China uses coal as a hydrogen source for urea. The petroleum (or pet) coke index remained unchanged from the previous week. While most North American producers use natural gas to produce nitrogen fertilizers, CVR Partners (UAN) mainly uses coal as a hydrogen source.
Pet coke price index
In the chart above, we see how coal prices have moved against natural gas prices. These commodities are two key hydrogen sources for nitrogen fertilizers. For the week ended June 17, the pet coke index remained unchanged at $40.1 per metric ton from the previous week.
Coal prices in China also remained unchanged at ~$79.8 per metric ton, and prime coking coal prices at Pingdingshan stood at ~$118 per metric ton, unchanged from the previous week. However, the Chinese yuan weakened 0.4% versus the US dollar during the same week.
We saw previously in this series that natural gas prices rose last week. In contrast, prices were flat for coal. These conditions create supply-side pressure on urea prices, which present a challenge for natural-gas-based fertilizer producers like CF Industries (CF), Terra Nitrogen (TNH), and Agrium (AGU). China is the largest exporter of urea.
Petroleum coke prices have been falling over the years, which is similar to what happened with natural gas.
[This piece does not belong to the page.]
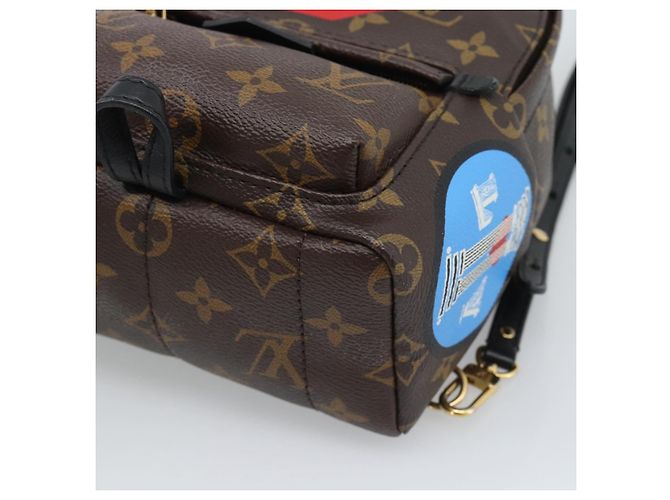 LOUIS VUITTON Monogram World Tour Palm Springs MINI Backpack M42971 - vista 9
Petroleum coke’s price of $40 per ton last week was ~31% lower than the $58 per ton we saw during the same week in 2015. Similarly, coal prices in China have fallen by an average of 8% year-over-year, a gap that narrowed from 11% last week.
For broad-based exposure to this industry, investors can consider the iShares US Basic Materials ETF (IYM). IYM invests about 48% of its portfolio in chemical companies.